Once a goal has been established, an individual must determine how it can be accomplished.  What knowledge or ability must be attained to achieve the goal?  Who must be brought into the solution (to maximize the chances of success) and who should be excluded from its execution (to minimize the potential of failure)?  Too often, training is an afterthought to the accomplishment of a dream.  When we start act without thought we may taste limited success but it will be realized in spite of ourselves rather than because of anything that we intentionally did or could easily replicate.  In order to advance ourselves we must do things differently than they have been done in the past so we must develop new tools, thought processes and methodologies that can be leveraged to build alternative paths that lead to previously unconsidered destinations.  Seeking to leverage that which is common knowledge often reveals only what has been previously accomplished.  In order to fulfill our potential we must expand our horizons beyond the “here and now” to the “what if” and “why not”.

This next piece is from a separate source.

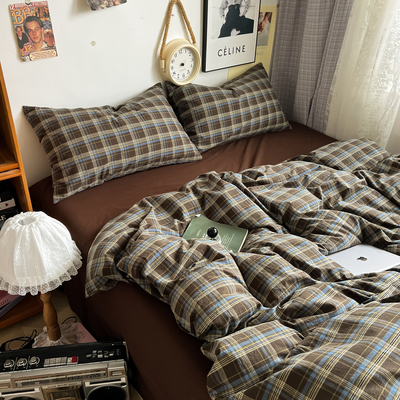 莱伊小镇2026新款全棉纯棉四件套色织水洗棉格子撞色宿舍三件套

To achieve greatness, people MUST steadfastly advance towards the realization of their dreams.  In order to continually move forward, systems must be put in place to identify obstacles that could hinder progress AND to justify warranted changes.  An individual will never reach his or her full potential should he or she focus too intently upon the path rather than moving towards the prize at its conclusion.  Perhaps we should all take the time to chart a path upon which we can travel, setting our targets high, so that we can be an integral part of a well planned solution RATHER THAN simply a piece of the puzzle or a part of the problem that someone else must resolve.  Only by choosing to envision the future, to enact a solution and to steadfastly advance towards self-actualization (while keeping our eyes on the goal) will we ever achieve our true potential.

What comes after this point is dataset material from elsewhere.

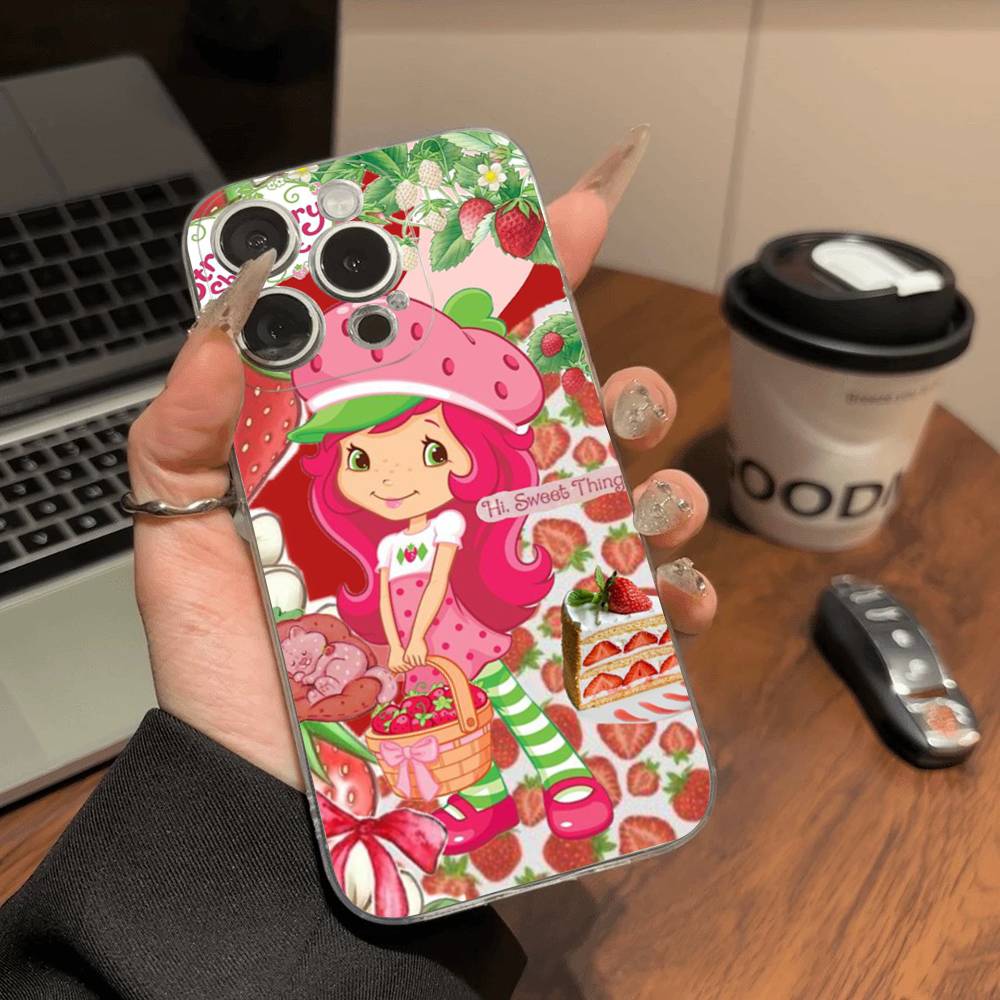 S-Strawberry-shortcake Girl Phone Case For IPhone 11 12 13 14 15 16 17 Pro Max Plus Transparent Back Cover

One’s potential is not measured by what he or she has done but rather by what he or she is capable of doing.  The potential of an individual is not an accounting of where he or she has been but rather an anticipation of where they might go.  In order to realize our full potential we should recognize and acknowledge the accomplishments of our past, allowing ourselves to bask but for a moment in the memories of what we did – as we let go of what we have proven possible while moving on towards those things that could only have been imagined.